Edit 2: To be very clear, this comment is only aimed at Beehaw admins and a few other individuals who are extremely entitled and think they can dictate me to work on features they specifically want. The vast majority of users and admins on Lemmy are not like that, so of course my comment is not aimed at them and Im working hard every day to make Lemmy better for the majority. But that means I cant get distracted and waste time on features that only a tiny minority wants.
It’s obvious that people are indeed doing or thinking of doing just that. Don’t get complacent just because things have not changed yet. There is a threshold to cross and once it crossed, things change very very fast. Currently there’s no software out that is as mature as lemmy, but if the trust thermocline is breached, people will prefer to switch to something substandard than support a project they don’t believe anymore.

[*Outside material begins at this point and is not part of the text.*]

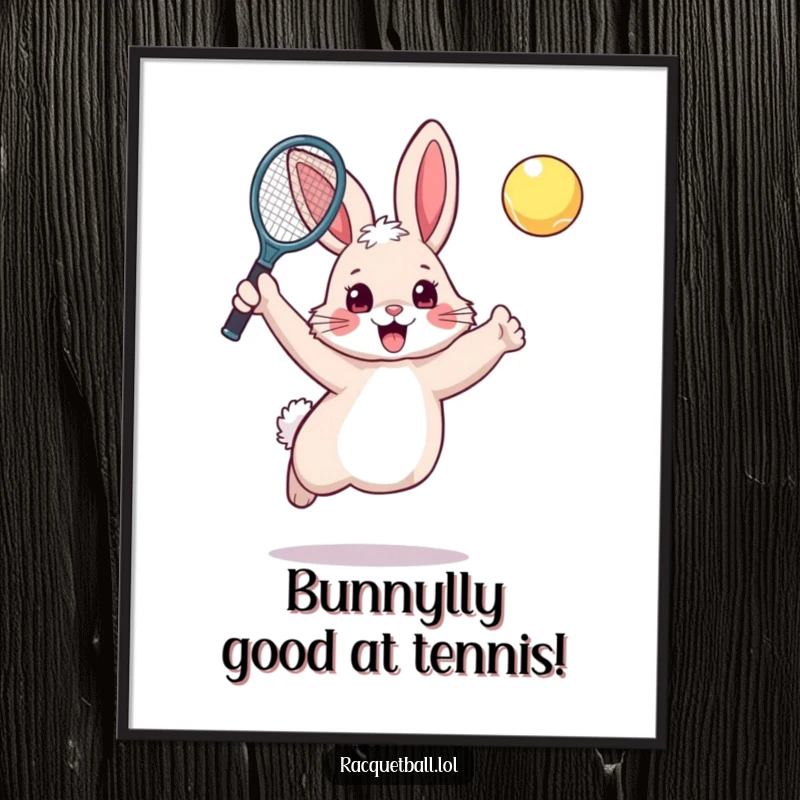 Funny Free Printable Wall Art: A fluffy rabbit leaping excitedly, racquet raised high to hit an invisible ball, full of energy.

Your biggest benefit as FOSS developers is your community goodwill. I can’t stress enough how much you need to be careful on what you say and how you communicate to maintain it.
Look at it this way: I’ve spent almost every single working day for the past four years developing Lemmy. I implemented the entire federation logic and much more. Most days and nights I think about ways to improve Lemmy and it’s not easy to shut off. Especially during the Reddit blackout it was extremely stressful as we were completely bombarded with requests, I didn’t even have time to keep up with all the issues.
Yet last week some individuals came along who never made any contributions to Lemmy and never showed the slightest gratitude for my work. They essentially what I’m doing is wrong and that they should be in charge of decisionmaking for Lemmy. One Beehaw admin even said that all my work on Lemmy is meaningless.
I know you and many others have good intentions with your criticism. But after all the negativity of last week I simply don’t have the mindset to accept any of it.
Mate trust me I understand all about Foss stress and burnout. I’ve been doing Foss for way longer than 4 years and the ai horde has been very demanding as well (and I also have a day job and small children) . But through all this, you have to learn to keep your cool. It’s sometimes better to just come out and say “people, I’m close to burnout and I can’t comment now” or “I am going to work on this as fast as I can but if someone can get to it first feel free” etc. It’s way better to explain that you’re overworked than to attack people. It’s also OK to say nothing at all than to go on the offensive. People can understand the former but the latter will never work the way you expect.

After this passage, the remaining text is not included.